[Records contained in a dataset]
┄┄┄┄┄┄┄┄┄┄
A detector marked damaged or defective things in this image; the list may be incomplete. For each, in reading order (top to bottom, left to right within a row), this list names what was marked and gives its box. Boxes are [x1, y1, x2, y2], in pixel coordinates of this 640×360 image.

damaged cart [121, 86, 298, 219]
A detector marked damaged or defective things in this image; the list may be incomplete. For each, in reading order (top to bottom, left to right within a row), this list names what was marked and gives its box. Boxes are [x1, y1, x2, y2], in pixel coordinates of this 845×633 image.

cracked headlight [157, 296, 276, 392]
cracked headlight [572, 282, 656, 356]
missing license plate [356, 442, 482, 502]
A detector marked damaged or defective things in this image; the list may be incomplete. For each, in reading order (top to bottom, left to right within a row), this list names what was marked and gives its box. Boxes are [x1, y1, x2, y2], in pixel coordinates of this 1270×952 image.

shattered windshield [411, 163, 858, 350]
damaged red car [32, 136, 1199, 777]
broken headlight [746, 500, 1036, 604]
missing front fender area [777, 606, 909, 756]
┄┄┄┄┄┄┄┄┄┄
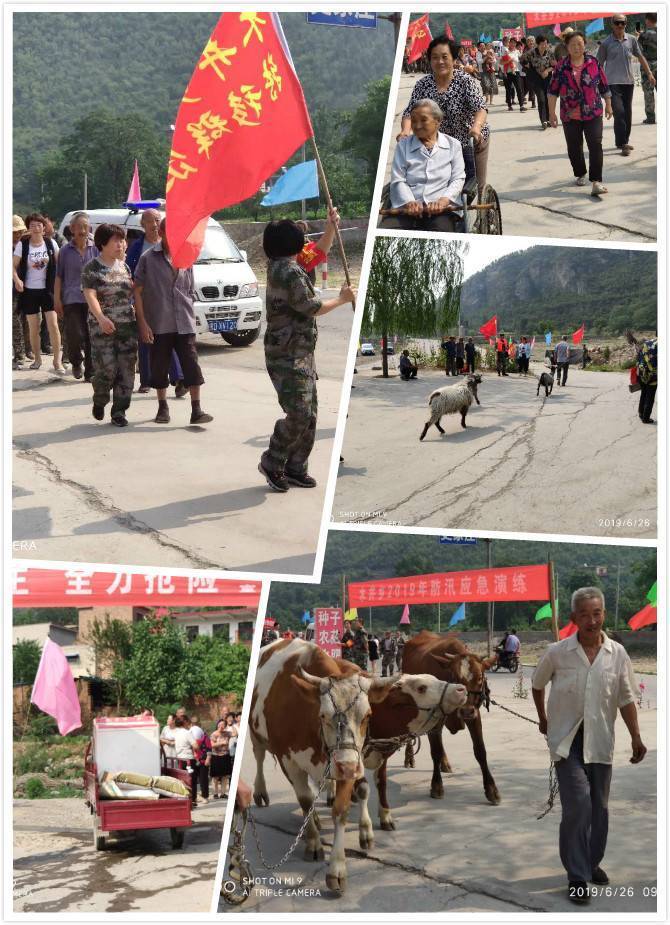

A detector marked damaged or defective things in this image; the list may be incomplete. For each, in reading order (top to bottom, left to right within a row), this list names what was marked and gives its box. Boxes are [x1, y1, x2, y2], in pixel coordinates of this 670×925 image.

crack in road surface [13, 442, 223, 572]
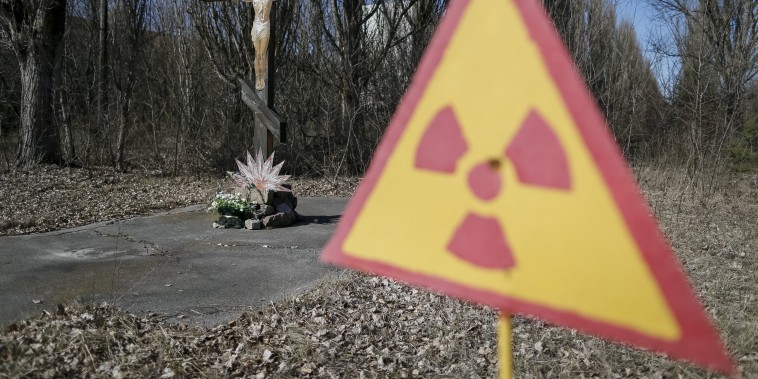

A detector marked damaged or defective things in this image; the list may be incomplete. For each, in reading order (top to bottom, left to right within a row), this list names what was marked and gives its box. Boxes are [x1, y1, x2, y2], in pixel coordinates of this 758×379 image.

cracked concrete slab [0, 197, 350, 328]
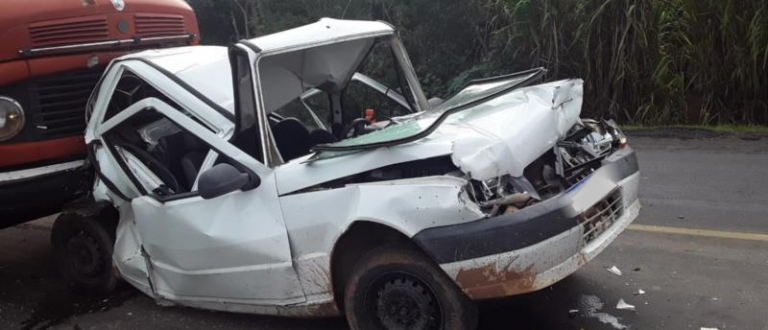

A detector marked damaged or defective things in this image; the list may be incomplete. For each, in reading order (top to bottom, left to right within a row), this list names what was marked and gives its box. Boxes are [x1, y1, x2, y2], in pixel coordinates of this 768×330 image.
┄┄┄┄┄┄┄┄┄┄
[Task brief] Work from the entries above. Set down exactly and only the lines from the line with "this 758×379 image." to the line with "this 768×330 image.", both included, and leave the pictures out.

[Task solution]
A detector marked damaged or defective things in this image; the list may be incomplete. For each, in reading order (top to bottom, left to right within a row), this list names what was marked and gives its box. Boxes are [x1, y1, x2, y2], in pixel coordinates of this 758×379 image.

cracked concrete slab [0, 197, 350, 328]

A detector marked damaged or defective things in this image; the list may be incomplete. For each, in reading order (top to bottom, left to right within a row), this list names what was marked and gives its box. Boxes are [x1, y1, x2, y2], in pixel coordinates of this 768×330 image.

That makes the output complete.